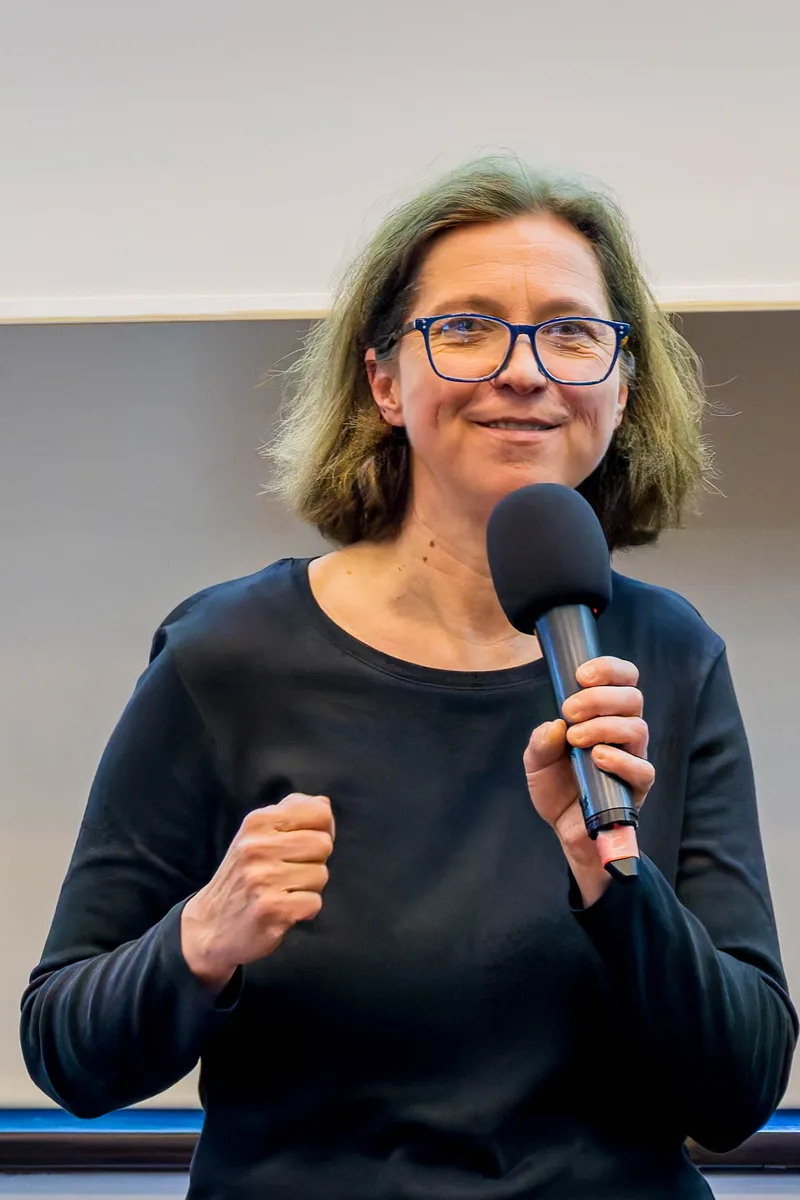 Katrin Himmler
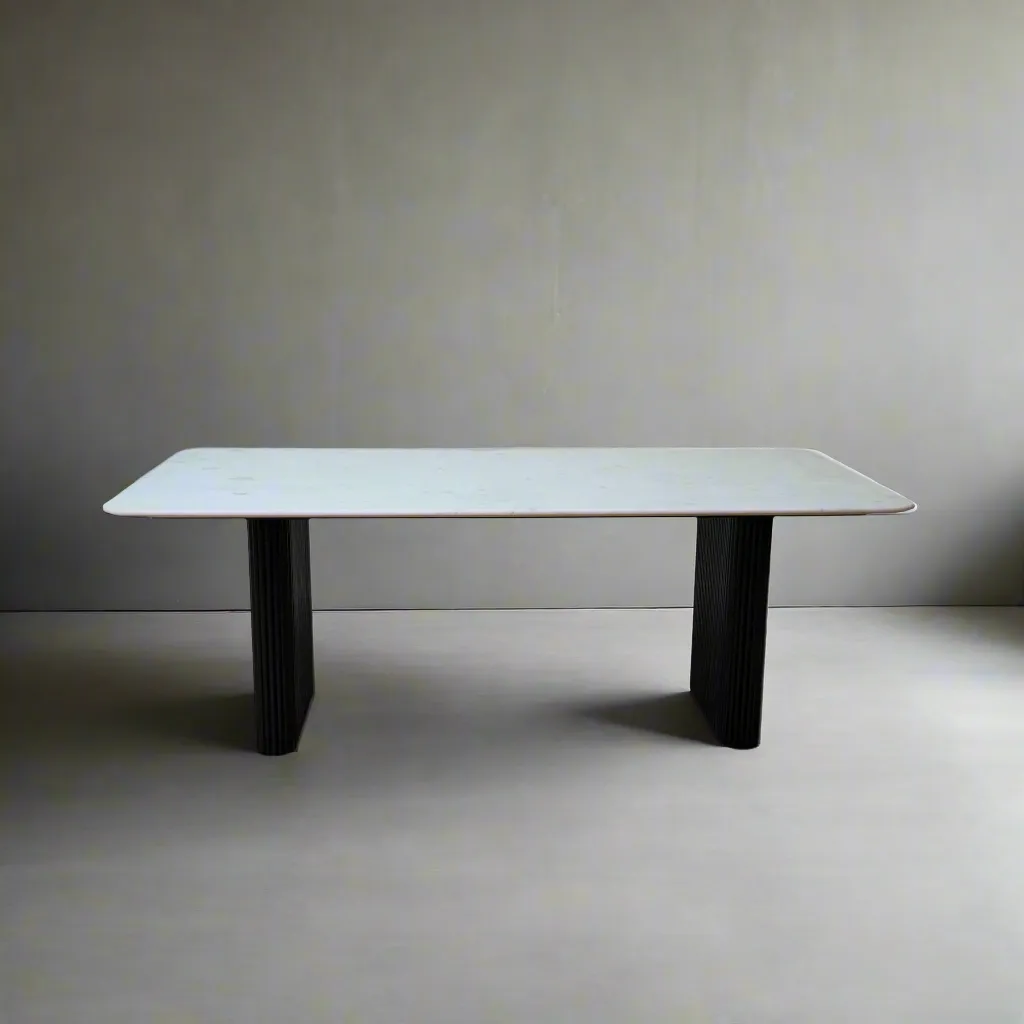 Gatsby Rectangular Dining Table
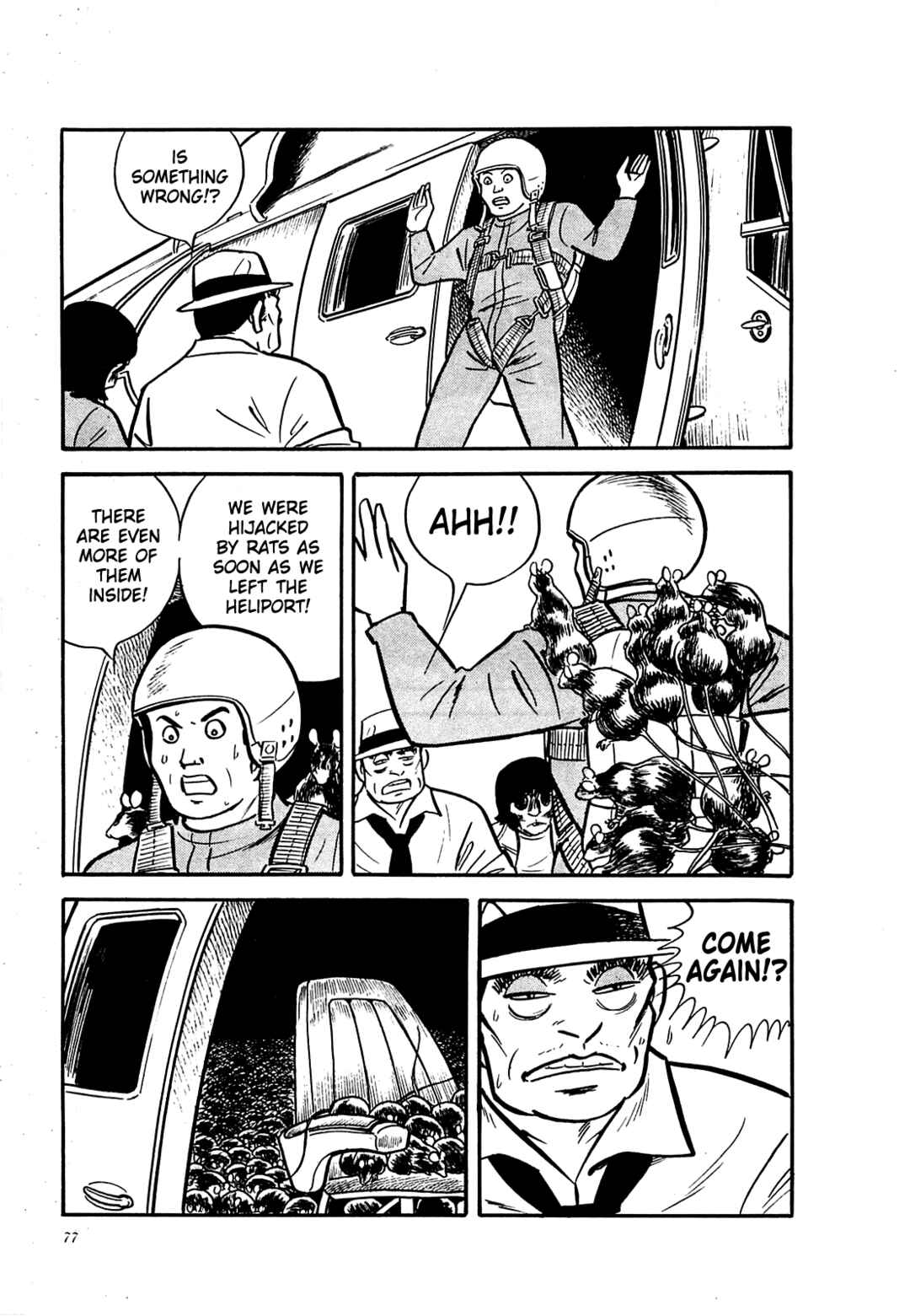 Page 9 Chapter 13 Army of Hell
====================
Work required
Your task is an exact transcription of all the data, minus the pictures.

Completed task
 Katrin Himmler
 Gatsby Rectangular Dining Table
 Page 9 Chapter 13 Army of Hell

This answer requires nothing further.